Highlights from Understanding the Voter Experience, include:

  • The public ranks election administration well in terms of trust when compared to other institutions—outranking Congress, the Executive Branch, and the Press. In 2016, 95 percent of people gave a good or excellent job performance ratings for their poll workers and nearly 60 percent gave high rankings to their local election officials.
  • 87 percent of respondents were confident that their own ballot was counted as cast in 2016, but only 71 percent were confident in the national vote count.
  • In general, people understand they are responsible for their voter registration, but nearly half of the respondents were confused or unfamiliar with their state voter identification requirements.
  • 30-40 percent of respondents consistently felt they did not have enough information to vote on key races like state attorney general, secretary of state, and state senator.

“Far too many respondents felt that they did not have enough information to vote,” said Adam Ambrogi, Director of Democracy Fund’s Elections Program. “Democracy only works if the American public understands how to vote, has enough information to make informed decisions, is confident in our election process, and trusts the results.”
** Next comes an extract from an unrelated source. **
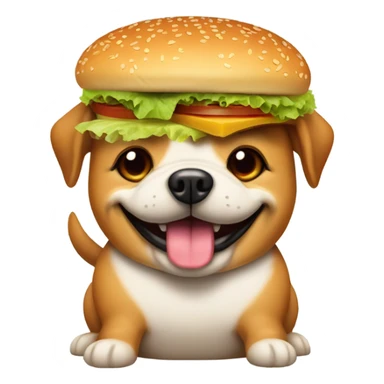 Hamburger dog sticker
As part of Democracy Fund’s commitment to fostering a modern, trusted, voter-centric election system, it is also unveiling the new and improved electionline, which continues to be the only place to find state-by-state curation of daily election administration news. In addition to publishing the classic electionline Weekly newsletter, the website will also share original reports and exclusive content from leaders and experts in the field—making the site a must-read for local election officials, civic organizations, and journalists who cover elections.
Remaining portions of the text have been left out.